Jesus turns to Peter with a tenderness that doubles his name: Simon, Simon, behold, Satan hath desired to have you, that he may sift you as wheat (v. 31). The adversary who entered Judas has set his sights on the others too - the you here is plural; Satan has asked to put them all through the sieve. And then the words that hold a man over the abyss: But I have prayed for thee, that thy faith fail not: and when thou art converted, strengthen thy brethren (v. 32). Notice what Jesus does not pray. He does not pray that Peter will be spared the sifting - he will not be. He prays that through it Peter's faith will not finally fail, that the sifting will not become a falling-away. And He speaks past the failure to the recovery on its far side: when thou art converted - not if - strengthen thy brethren. The very man about to deny Him is appointed to steady the others once he is restored. Peter, sure of himself, protests that he is ready for prison and death (v. 33); Jesus quietly tells him the truth he cannot yet see - before the cock crows, he will three times deny that he even knows his Lord (v. 34).1
Jesus then prepares them for a changed season. Earlier He had sent them out with nothing - without purse, and scrip, and shoes - and they had lacked nothing (v. 35). But now the days of welcome are ending and hostility is closing in: he that hath a purse, let him take it… and he that hath no sword, let him sell his garment, and buy one (v. 36). The reason follows at once, and it is the key to the whole saying: this that is written must yet be accomplished in me, And he was reckoned among the transgressors (v. 37) - a line drawn straight from Isaiah's portrait of the suffering servant numbered with the transgressors (Isa. 53:12). Jesus is about to be treated as an outlaw, arrested among men with swords as though He were one. When the disciples answer woodenly, Lord, behold, here are two swords, He closes the conversation: It is enough (v. 38). Two swords could never arm a band for battle; that was never the point. The very next scene will show what He meant, when a disciple draws one of those swords and Jesus heals the wound and tells him to put it away. They have heard His words about a sword and reached, as we so often do, for the most literal and least spiritual reading.

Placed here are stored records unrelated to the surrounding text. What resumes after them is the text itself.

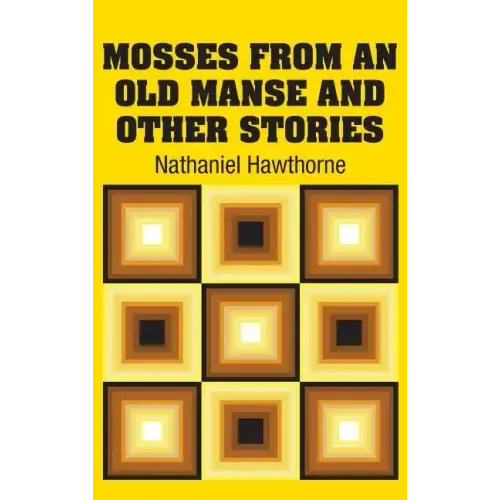 Mosses from an old Manse and Other Stories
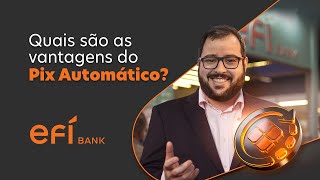 Quais serão as vantagens do Pix Automático para a sua empresa?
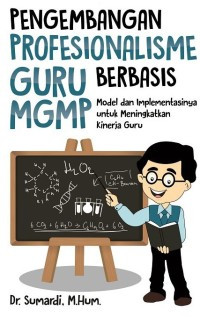 Pengembangan profesionalisme guru berbasis MGMP : model dan implementasinya untuk meningkatkan kinerja guru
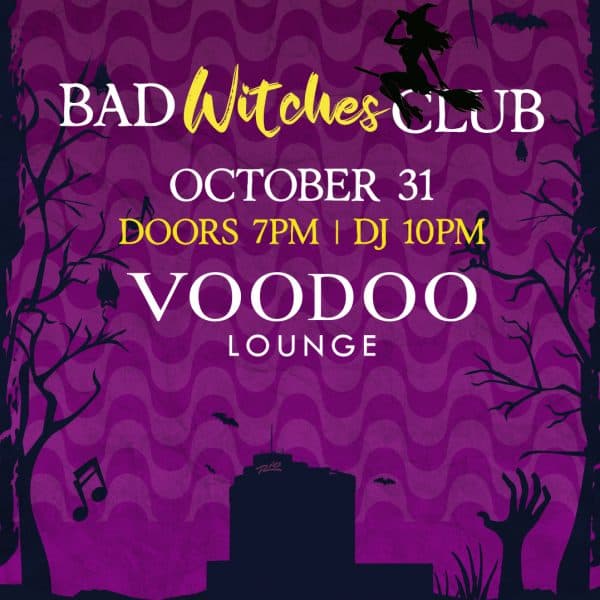 Bad Witches Club at VooDoo Lounge Las Vegas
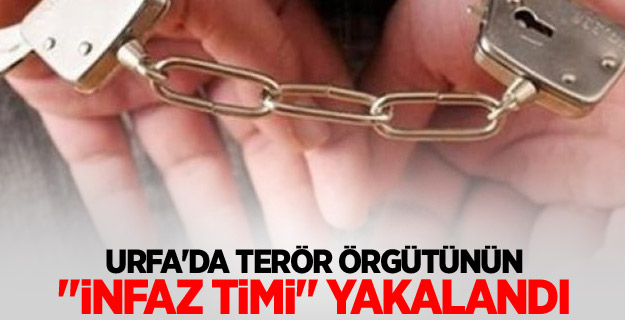 Urfa'da terör örgütünün "infaz timi" yakalandı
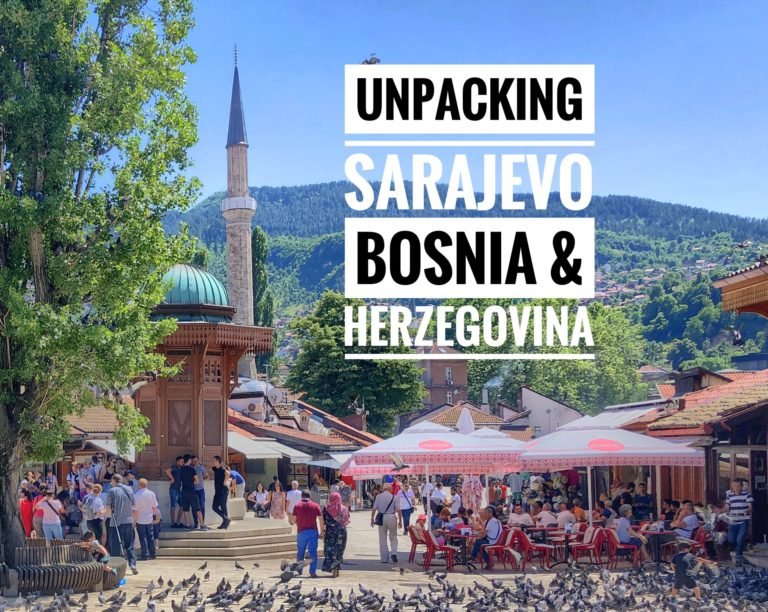 Read more about the article Unpacking Sarajevo, Bosnia & Herzegovina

Luke 22:39-53Not My Will, but Thine, Be Done
39And he came out, and went, as he was wont, to the mount of Olives; and his disciples also followed him. 40And when he was at the place, he said unto them, Pray that ye enter not into temptation. 41And he was withdrawn from them about a stone's cast, and kneeled down, and prayed, 42Saying, Father, if thou be willing, remove this cup from me: nevertheless not my will, but thine, be done. 43And there appeared an angel unto him from heaven, strengthening him. 44And being in an agony he prayed more earnestly: and his sweat was as it were great drops of blood falling down to the ground. 45And when he rose up from prayer, and was come to his disciples, he found them sleeping for sorrow, 46And said unto them, Why sleep ye? rise and pray, lest ye enter into temptation.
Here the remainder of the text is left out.